Open access to information about biodiversity is of crucial importance to society, directly affecting areas such as conservation and climate change research and education. "Non-Commercial" restrictions on the reuse of this information are a major barrier to addressing these problems, says a review paper published in the open access journal ZooKeys.
Halting the loss of biodiversity demands that information on organisms, ecosystems, their properties, and their interactions, is easily found and readily available. This requires sharing. Creative Commons (CC) provides a set of licenses to facilitate this. However, Non-Commercial (NC) restrictions are commonly added to Creative Commons licenses, intended to prevent commercial exploitation. The article shows that the ambiguity between "non-for-profit" and "non-commercial" prohibits many legitimate re-uses of NC licensed materials, and imposes significant risks that affect for-profit and not-for-profit organizations alike.
"The concept of 'commercial advantage', the heart of the NC licenses, is very broad and ill defined" says lead author Dr Gregor Hagedorn from the Julius Khn-Institute in Berlin, Germany. "It potentially excludes all public relation activities that increase the recognition of an organisation and may thus confer commercial advantages later on. Furthermore, the non-open NC licenses are usually incompatible with open Creative Commons licenses, severely restricting the use of NC licensed materials."
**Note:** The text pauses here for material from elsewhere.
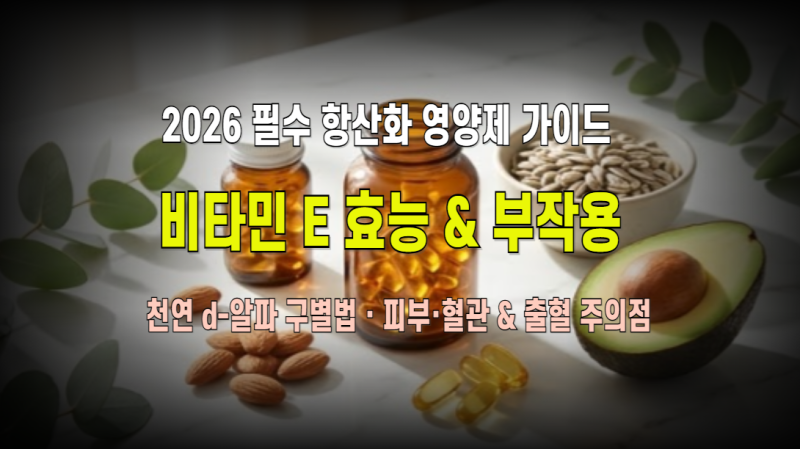 비타민E 2026 완전정복 : 세포막 항산화·피부 탄력 노화 방지부터 혈관 순환 효능까지, 천연(d-....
The review arose from discussions within an EU funded infrastructure project (ViBRANT) that several authors of the article participate in, on how best to license materials produced within the project. To ensure the widest possible use of biodiversity information, the authors of the ZooKeys publication argue that publicly funded projects should use open CC licenses such as CC BY or CC BY-SA. These are used by most Open Access publishers, the Wikimedia Foundation projects, and many other open content initiatives.